# Peppermint; Catmint; Spiderwort and Anise hyssop Plants for sale



## Elizabeth (Jun 4, 2002)

I have one (1) Anise hyssop plant for sale. $3

Lots of Catmint (_Nepeta cataria_ L.) $3 each

Four (4) Peppermint plants $3 each

About a dozen spiderwort plants. $2 each 

All of these are plants which are very prolific. They will spread and in time, cover an area. I love all of them and grow tons of them because we keep bees and all of these are plants which the bees forage for both nectar and pollen.

Shipping is in addition to the plants. I charge $5.50 per small priority mail box. Can combine plants while supplies last. I also have some Bocking 14 starts for sale @ $2 per plant (or, $12 per box, which is usually 5-6 starts, or more depending upon size) and I can combine some of them with the plants on this list to make a box full.

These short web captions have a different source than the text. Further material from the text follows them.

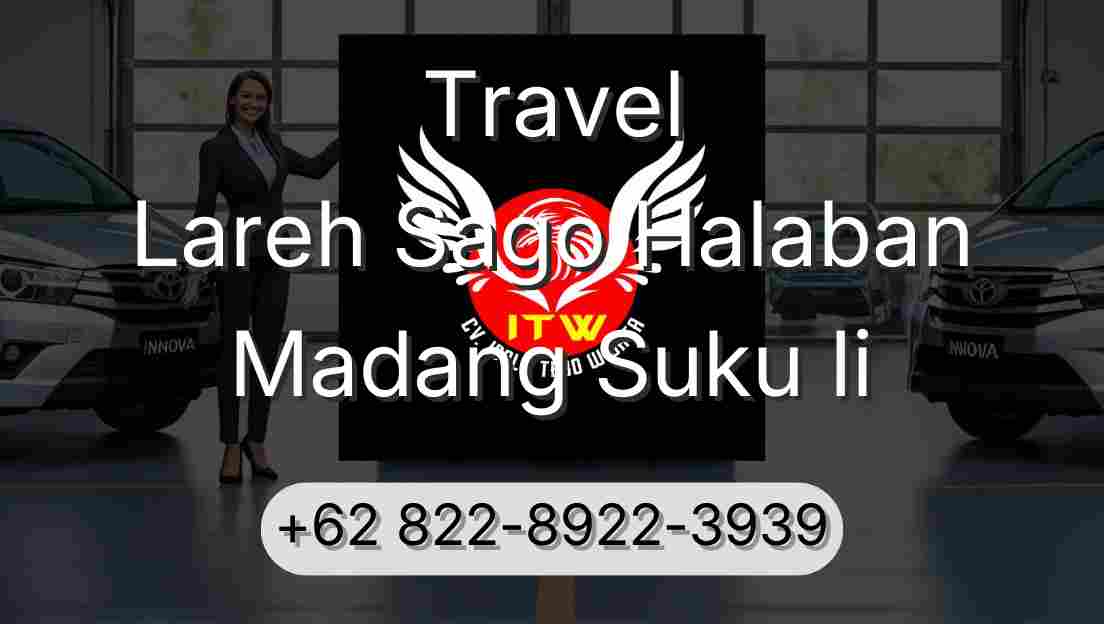 Travel Lareh Sago Halaban Madang Suku Ii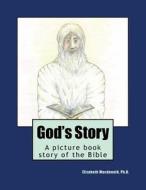 God's Story: A Picture Book Story of the Bible di Elizabeth MacDonald Ph. D. edito da Createspace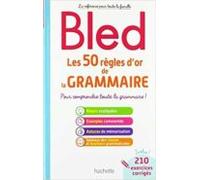 Bled Les 50 Règles Dor De La Grammaire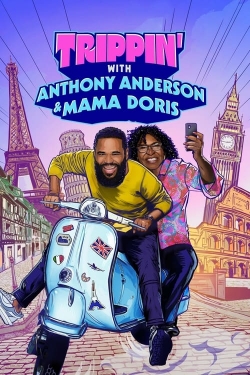 Watch free Trippin' with Anthony Anderson and Mama Doris movies HD online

*****Weather disclaimer- we have had 5 days of rain and today is the first day I have been able to get in the garden since last Friday. For orders placed today I can definitely get shipments out today and tomorrow (Friday/Saturday). Any orders placed after tonight are subject to the vagaries of the weather, and there is rain in the forecast every day for the next 4 or 5 days, so your order might not get shipped until the next break. This is unusual for us for this time of year, but we soooo need the rain that I ain't complainin'!


----------



## Elizabeth (Jun 4, 2002)

The anise hysop and all four peppermint plants have been sold.

Still have catmint (catnip) and nine spiderwort plants available.

I will have more anise hyssop in a week or two.


----------



## beaglebiz (Aug 5, 2008)

What kind of spiderwort?? Blue flower?


----------